I have known of several cases of British children who speak no Portuguese suddenly becoming fluent after around three months and in most cases the children themselves are shocked by what they have learnt!
To make sure that older children are up to scratch in Portuguese in reading and writing it can be a good idea to ask for extra tuition if your child is over the age of six – children any younger generally have no problem learning how to read and write in one or more languages.
So then we have the case of the children being able to speak Portuguese and the parents still being stuck at Bom dia!
This shouldn’t be a problem but what happens in many cases is that instead of the parents trying even harder to learn they instead just turn to their children to translate anything they don’t understand, this does not make you a bad parent but it does have its down side.
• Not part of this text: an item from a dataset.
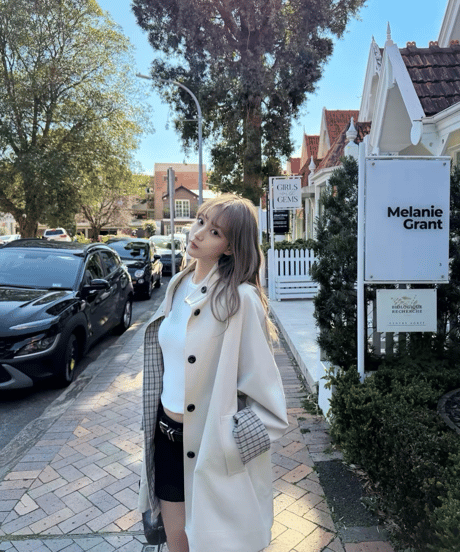Plaid-Lined Balmacaan Coat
One of the most annoying things for parents when children speak Portuguese and they don’t is the lack of control over a situation. Before you know it your eight year old child is arranging an appointment at a doctors without consulting you about the details or they are phoning the electricity board and then forget to let you know the important details!!
Equally frustrating is when your child then speaks to siblings of friends only in Portuguese and you don’t have a clue about what they are talking about! This is at best annoying and at worst can lead to problems if inappropriate subjects are being discussed.
My advise to parents with children who are learning Portuguese is to try and take lessons to be able to keep up with your children – I always like to be one step ahead, although as they get older this becomes increasingly difficult.
Watching Portuguese childrens television with your children and reading their school books are also good ways to be able to keep up and you will find that in no time your entire family will be speaking Portuguese without you even realising it!